- Cover of The Dark Tower: The Gunslinger - The Man in Black #1 (Jun., 2012)

Publication information
- Publisher: Marvel Comics
- Schedule: "Monthly"
- Format: Limited series
- Publication date: Jun. - Oct., 2012
- No. of issues: 5

Creative team
- Created by: Stephen King
- Written by: Robin Furth (adaptation) Peter David (script)
- Artist(s): Alex Maleev, Richard Isanove

= The Dark Tower: The Gunslinger - The Man in Black =

The Dark Tower: The Gunslinger - The Man in Black is a five-issue comic book limited series published by Marvel Comics. It is the tenth comic book miniseries based on Stephen King's The Dark Tower series of novels. It is plotted by Robin Furth, scripted by Peter David, and illustrated by Alex Maleev and Richard Isanove. Stephen King is the Creative and Executive Director of the project. The first issue was published on June 20, 2012.

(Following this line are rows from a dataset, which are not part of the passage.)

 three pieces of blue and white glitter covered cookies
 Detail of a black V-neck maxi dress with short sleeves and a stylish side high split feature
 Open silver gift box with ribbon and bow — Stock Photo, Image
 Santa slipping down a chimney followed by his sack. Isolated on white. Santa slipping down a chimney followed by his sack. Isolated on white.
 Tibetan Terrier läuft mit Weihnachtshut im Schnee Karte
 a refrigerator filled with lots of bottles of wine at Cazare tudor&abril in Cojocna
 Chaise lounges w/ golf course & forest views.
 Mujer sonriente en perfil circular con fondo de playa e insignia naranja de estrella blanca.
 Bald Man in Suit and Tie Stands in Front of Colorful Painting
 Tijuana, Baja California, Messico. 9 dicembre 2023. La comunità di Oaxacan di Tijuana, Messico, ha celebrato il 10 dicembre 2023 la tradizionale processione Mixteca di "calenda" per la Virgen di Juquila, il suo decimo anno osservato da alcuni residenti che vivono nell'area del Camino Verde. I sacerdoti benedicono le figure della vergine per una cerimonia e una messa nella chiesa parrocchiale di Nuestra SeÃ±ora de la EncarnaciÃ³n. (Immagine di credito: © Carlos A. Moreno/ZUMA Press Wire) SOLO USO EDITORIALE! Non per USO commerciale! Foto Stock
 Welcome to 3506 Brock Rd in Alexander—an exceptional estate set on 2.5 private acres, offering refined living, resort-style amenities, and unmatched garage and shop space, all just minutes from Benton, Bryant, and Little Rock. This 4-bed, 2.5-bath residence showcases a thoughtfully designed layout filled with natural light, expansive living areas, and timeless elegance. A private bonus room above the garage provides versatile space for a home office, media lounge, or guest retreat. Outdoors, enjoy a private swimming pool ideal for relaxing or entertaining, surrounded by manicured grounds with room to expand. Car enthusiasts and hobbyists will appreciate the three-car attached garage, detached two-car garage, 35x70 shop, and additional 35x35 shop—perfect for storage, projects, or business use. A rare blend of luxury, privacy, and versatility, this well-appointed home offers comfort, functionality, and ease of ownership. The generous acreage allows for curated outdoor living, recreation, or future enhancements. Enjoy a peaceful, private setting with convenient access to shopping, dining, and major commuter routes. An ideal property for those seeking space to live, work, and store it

| Preceded by | Followed by |
|---|---|
| The Dark Tower: The Gunslinger - The Way Station | The Dark Tower: The Gunslinger - Sheemie's Tale |

==Publication dates==
- Issue #1: June 20, 2012
- Issue #2: July 18, 2012
- Issue #3: August 15, 2012
- Issue #4: September 19, 2012
- Issue #5: October 17, 2012

==Collected editions==
The entire five-issue run of The Man in Black was collected into a hardcover edition, released by Marvel on January 15, 2013 (ISBN 0785149376). A paperback edition was later released on October 29, 2013 (ISBN 0785149384). The series was also included in the hardcover release of The Dark Tower: The Gunslinger Omnibus on September 3, 2014 (ISBN 0785188703).